• INPUT RECORDS
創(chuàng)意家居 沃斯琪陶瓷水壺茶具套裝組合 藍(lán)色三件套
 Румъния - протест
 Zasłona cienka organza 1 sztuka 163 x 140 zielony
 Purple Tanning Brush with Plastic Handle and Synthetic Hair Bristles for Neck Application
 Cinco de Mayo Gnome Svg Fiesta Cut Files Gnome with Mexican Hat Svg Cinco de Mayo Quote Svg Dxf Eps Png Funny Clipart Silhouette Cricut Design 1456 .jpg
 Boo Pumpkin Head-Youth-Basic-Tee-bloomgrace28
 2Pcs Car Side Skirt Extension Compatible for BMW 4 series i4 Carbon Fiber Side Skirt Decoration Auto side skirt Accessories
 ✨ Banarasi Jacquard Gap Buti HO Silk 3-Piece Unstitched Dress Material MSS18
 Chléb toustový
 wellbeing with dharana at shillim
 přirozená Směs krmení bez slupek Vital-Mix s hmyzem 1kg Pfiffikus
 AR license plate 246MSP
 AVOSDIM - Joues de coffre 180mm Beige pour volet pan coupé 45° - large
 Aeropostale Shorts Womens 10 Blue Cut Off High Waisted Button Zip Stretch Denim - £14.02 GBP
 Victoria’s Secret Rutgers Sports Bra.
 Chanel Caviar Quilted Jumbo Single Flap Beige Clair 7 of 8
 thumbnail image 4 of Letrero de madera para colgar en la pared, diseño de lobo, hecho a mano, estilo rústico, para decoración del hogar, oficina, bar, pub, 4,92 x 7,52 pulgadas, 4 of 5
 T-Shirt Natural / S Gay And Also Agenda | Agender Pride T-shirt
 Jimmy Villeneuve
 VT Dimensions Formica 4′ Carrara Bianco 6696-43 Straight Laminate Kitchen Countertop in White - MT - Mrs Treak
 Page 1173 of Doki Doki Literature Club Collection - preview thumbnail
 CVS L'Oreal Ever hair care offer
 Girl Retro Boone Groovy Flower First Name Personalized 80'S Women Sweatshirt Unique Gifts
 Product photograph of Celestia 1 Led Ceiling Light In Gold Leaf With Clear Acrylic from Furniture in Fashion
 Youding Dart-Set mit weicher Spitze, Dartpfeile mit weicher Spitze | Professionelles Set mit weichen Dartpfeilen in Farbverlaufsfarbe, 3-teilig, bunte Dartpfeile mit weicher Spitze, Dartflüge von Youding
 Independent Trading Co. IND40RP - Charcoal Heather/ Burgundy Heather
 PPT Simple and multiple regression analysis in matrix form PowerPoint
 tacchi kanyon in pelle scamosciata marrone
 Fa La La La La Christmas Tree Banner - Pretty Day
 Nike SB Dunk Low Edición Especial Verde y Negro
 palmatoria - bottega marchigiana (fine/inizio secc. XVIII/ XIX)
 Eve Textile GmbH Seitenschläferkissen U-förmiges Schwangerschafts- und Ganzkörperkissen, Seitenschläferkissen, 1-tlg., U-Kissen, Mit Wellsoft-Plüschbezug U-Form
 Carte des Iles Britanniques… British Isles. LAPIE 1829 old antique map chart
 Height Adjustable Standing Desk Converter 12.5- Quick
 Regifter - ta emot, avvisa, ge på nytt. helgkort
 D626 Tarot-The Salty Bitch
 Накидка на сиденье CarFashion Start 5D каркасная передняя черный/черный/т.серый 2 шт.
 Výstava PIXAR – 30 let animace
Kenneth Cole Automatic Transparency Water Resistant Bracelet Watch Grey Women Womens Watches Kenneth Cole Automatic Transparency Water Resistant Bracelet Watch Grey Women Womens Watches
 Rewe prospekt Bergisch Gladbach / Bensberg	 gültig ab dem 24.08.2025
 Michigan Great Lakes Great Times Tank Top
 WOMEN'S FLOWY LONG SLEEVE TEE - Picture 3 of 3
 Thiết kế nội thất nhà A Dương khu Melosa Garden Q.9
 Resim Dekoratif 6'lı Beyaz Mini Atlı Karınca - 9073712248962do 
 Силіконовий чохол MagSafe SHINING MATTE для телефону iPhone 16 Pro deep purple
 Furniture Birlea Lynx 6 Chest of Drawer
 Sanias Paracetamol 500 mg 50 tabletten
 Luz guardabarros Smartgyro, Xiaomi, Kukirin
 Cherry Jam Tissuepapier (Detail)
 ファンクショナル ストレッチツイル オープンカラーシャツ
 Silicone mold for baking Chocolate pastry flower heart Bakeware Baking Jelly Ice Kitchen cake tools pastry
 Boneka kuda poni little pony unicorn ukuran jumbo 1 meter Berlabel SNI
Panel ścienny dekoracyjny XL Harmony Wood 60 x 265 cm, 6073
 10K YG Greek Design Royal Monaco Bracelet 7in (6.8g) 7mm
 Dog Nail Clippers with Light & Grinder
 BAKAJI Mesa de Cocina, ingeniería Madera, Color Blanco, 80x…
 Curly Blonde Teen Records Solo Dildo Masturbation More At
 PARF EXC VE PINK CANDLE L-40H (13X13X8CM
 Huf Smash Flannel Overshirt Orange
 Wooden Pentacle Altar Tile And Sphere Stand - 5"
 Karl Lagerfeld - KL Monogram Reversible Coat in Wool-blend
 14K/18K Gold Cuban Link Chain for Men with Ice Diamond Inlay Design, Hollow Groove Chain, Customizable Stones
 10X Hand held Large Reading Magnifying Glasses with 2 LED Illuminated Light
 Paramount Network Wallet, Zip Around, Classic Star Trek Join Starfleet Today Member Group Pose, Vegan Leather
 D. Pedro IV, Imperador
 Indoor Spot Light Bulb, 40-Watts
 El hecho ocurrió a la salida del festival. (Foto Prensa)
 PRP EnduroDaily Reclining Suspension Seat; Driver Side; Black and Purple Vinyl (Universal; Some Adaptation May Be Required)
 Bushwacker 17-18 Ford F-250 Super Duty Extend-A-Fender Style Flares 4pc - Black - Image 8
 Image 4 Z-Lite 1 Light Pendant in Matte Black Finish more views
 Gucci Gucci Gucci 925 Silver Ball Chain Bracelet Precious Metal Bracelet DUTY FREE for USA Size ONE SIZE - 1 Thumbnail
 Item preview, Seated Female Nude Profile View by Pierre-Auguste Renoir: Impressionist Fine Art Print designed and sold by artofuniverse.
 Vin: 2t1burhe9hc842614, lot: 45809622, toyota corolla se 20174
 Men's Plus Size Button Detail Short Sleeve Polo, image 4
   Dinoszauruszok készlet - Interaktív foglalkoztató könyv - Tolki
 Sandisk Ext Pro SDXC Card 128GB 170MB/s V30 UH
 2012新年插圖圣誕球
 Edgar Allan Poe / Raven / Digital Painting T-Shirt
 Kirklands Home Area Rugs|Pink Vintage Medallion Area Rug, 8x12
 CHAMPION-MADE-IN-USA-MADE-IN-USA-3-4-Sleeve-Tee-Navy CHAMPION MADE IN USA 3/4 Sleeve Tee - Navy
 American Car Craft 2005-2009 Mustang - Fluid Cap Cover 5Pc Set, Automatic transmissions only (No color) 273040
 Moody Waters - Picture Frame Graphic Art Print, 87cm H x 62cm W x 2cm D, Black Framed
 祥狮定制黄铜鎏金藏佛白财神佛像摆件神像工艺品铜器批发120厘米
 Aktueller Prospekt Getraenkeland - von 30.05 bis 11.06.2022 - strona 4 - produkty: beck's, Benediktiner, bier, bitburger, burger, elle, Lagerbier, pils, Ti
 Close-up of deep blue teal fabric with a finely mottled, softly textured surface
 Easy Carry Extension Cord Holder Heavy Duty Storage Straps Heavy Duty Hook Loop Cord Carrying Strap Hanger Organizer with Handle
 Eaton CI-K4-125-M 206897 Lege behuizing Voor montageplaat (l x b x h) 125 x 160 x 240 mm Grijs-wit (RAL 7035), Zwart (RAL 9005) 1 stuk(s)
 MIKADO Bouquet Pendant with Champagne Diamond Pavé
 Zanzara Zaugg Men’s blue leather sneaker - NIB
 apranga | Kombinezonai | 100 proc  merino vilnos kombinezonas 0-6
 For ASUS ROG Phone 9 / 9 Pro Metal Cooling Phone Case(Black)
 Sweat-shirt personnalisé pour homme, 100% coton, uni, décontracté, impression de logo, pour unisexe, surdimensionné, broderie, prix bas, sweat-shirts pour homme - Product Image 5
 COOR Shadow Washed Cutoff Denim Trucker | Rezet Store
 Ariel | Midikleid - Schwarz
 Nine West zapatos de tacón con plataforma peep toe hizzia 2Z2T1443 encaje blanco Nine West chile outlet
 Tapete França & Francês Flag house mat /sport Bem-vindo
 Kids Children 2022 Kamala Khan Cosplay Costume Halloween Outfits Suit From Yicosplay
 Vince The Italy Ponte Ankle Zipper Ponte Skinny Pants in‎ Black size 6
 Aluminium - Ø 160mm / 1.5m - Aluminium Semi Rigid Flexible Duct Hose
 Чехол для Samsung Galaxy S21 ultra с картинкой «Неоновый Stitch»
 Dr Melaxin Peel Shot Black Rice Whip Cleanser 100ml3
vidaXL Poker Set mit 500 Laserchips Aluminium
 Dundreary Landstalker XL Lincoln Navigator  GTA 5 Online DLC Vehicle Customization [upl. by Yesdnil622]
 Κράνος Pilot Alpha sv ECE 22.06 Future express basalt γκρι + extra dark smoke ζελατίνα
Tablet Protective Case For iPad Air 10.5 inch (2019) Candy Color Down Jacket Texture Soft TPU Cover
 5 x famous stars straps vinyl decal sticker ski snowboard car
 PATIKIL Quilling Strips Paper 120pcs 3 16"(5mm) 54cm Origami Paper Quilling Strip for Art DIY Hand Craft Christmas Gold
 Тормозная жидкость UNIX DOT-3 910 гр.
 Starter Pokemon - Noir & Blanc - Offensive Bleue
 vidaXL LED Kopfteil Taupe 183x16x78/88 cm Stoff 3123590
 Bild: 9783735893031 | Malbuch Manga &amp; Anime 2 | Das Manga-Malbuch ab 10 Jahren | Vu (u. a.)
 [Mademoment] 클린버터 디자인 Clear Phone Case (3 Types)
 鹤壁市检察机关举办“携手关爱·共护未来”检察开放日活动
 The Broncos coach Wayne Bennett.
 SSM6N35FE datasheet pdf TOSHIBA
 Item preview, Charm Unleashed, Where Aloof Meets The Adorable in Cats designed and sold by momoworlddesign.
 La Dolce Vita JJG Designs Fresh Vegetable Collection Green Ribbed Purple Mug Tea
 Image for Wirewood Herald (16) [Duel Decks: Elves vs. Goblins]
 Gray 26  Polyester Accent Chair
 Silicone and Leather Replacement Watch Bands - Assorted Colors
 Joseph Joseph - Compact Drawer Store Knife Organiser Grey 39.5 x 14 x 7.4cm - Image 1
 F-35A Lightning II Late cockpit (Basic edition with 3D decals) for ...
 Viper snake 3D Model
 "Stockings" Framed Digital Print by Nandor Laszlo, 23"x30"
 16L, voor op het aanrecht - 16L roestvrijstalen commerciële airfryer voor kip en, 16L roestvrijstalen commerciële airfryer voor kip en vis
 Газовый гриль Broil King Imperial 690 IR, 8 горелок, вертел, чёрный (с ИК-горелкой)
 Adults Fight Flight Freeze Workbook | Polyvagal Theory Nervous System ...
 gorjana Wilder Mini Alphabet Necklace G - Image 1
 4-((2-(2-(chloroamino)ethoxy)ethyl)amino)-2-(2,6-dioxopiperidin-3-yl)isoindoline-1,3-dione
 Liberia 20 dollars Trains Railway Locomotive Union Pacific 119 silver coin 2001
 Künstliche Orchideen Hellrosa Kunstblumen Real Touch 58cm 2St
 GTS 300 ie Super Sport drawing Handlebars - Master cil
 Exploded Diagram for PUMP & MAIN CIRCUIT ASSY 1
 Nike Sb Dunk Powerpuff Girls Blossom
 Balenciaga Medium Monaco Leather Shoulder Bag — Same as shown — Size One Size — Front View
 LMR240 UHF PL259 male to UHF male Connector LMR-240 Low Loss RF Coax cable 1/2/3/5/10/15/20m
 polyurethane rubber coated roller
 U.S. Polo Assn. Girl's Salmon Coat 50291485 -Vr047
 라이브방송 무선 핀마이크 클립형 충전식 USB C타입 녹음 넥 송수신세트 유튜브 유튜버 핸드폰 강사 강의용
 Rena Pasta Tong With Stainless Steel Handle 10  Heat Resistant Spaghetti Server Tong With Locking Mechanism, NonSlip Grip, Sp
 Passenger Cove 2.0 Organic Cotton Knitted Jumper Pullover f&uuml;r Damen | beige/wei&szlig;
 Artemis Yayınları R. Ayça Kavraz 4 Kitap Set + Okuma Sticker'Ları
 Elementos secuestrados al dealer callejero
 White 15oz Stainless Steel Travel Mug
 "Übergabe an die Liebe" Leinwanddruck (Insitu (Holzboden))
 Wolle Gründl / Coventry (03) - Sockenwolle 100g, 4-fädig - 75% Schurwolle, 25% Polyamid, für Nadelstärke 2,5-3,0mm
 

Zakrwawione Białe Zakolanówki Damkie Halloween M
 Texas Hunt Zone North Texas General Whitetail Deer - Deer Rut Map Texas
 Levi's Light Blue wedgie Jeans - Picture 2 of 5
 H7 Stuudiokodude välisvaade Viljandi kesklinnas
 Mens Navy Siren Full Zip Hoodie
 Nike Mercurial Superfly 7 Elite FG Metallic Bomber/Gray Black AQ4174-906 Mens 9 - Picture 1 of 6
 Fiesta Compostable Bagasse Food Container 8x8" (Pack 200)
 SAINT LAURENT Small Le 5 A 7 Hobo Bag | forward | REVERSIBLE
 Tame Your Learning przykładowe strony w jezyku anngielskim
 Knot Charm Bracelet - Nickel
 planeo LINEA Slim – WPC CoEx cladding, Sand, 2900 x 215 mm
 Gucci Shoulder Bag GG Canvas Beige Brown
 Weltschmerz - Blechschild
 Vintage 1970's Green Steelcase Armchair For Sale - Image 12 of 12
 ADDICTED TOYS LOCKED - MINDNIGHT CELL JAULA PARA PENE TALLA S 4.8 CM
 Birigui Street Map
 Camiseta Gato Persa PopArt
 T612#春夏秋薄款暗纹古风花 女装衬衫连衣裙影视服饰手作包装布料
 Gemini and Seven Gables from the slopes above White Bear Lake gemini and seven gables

• EXERCISE OBJECTIVE
Only the lines above from the line with "Nike SB Dunk Low" to the line with "Regifter - ta", those two lines included, should be reproduced exactly.

• RESPONSE TO THE TASK
 Nike SB Dunk Low Edición Especial Verde y Negro
 palmatoria - bottega marchigiana (fine/inizio secc. XVIII/ XIX)
 Eve Textile GmbH Seitenschläferkissen U-förmiges Schwangerschafts- und Ganzkörperkissen, Seitenschläferkissen, 1-tlg., U-Kissen, Mit Wellsoft-Plüschbezug U-Form
 Carte des Iles Britanniques… British Isles. LAPIE 1829 old antique map chart
 Height Adjustable Standing Desk Converter 12.5- Quick
 Regifter - ta emot, avvisa, ge på nytt. helgkort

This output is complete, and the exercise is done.